The allegations against Hafford aren’t the only troubling issues around its feminist vertical. Donahue came out about the abuse at the hands of Hafford when the news broke that another self-professed “male feminist,” out gay writer Mitchell Sunderland, a senior staff writer at Broadly, was in bed with alt-right button-pusher Milo Yiannopoulos, tipping him off to stories on the Vice vertical to help Yiannopoulos further terrorize women.
Responding to the barrage of tweets from women alleging Hafford physically abused them, Vice’s human resources department confirmed that he has been banned from contributing to any of the company’s properties.
“Vice does not tolerate assault of any kind, or behavior that is disrespectful or offensive to any group or demonstrates bias or bigotry, and we took action as soon as we learned what happened. We continue to review the matter,” a spokesperson for Vice wrote to Jezebel.
The women who spoke out about Hafford shared stories that range from his doing cocaine off of one woman’s vagina, choking another, attempting anal sex without consent with another, and rape with still another, according to interviews the women gave to Jezebel.

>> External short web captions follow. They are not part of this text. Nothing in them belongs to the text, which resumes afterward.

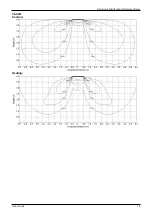 Preview for 20 page of Kaisai KOB30U-18HFN32 Service Manual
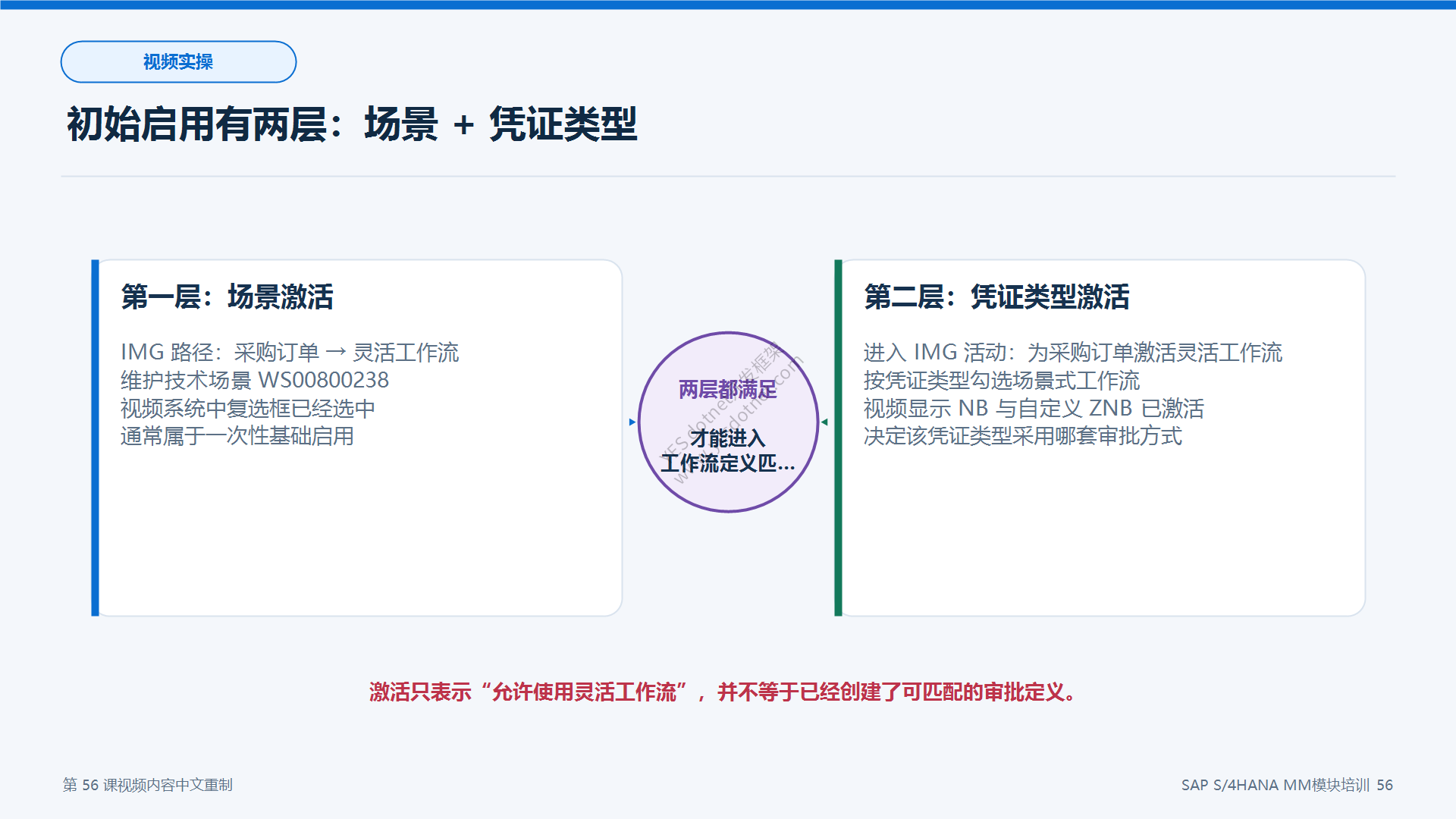IMG 中采购订单灵活工作流路径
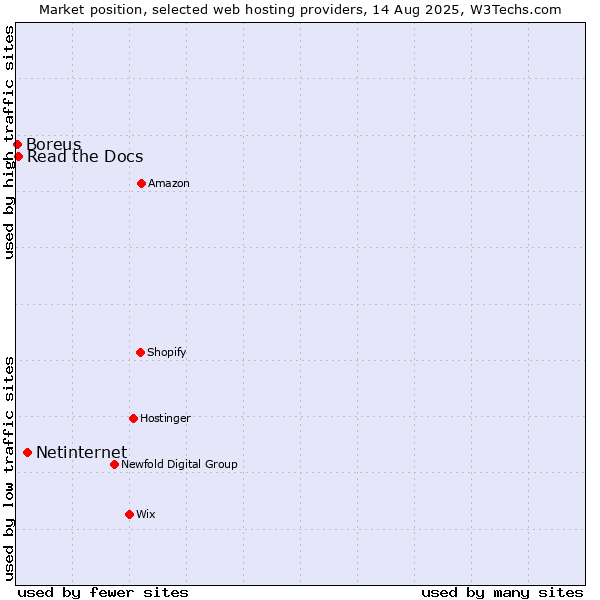 Market position of Netinternet vs. Read the Docs vs. Boreus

“We are horrified by the allegations against Michael Hafford. Broadly does not tolerate violence against women of any kind, and we’ve worked hard to report on injustices against women and marginalized communities,” Ciel Hunter, global head of content for Vice, wrote in a statement to Jezebel. “The Broadly team is comprised of women who are committed to amplifying the voices of survivors, and we will continue to do the work, both internally and in the field, to challenge the systems and people oppressing women today.”
The columns Hafford contributed to Broadly, which were written over a three-month period in 2015, just a few months after the period of time during which his accusers say he assaulted them, include “The Male Feminist’s Guide to Menstruation,” which, when reads like a “how-to” on how to pretend to be a sensitive guy in order to get laid, as does another "feminist" column he wrote titled "The Male Feminist's Guide to Getting a Girlfriend for Winter."
"Lots of men find periods gross. We don't, because we're Male Feminists, but you should allow your girlfriend to let you know how she feels. If she wants to have sex, great; Male Feminists are some of the most sex-positive people on earth. If she wants you to go down on her, even better; Male Feminists love achievements, and this one is called 'earning your red wings,'” Hafford wrote in a space on Broadly that could have been better used by a real male feminist concerned with women's equality and not by one who peddling tips to help men lure women into the sack with a column cloaked in hipster irony that was in fact deadly serious.
The final paragraph of that Broadly column begins, “These tips should help you catch a totally tubular crimson wave,” an admission that all that came before was intended to help men get women into bed. While more is certain to come to light regarding the allegations against Hafford, it appears Broadly had a wolf in sheep’s clothing on its site the entire time.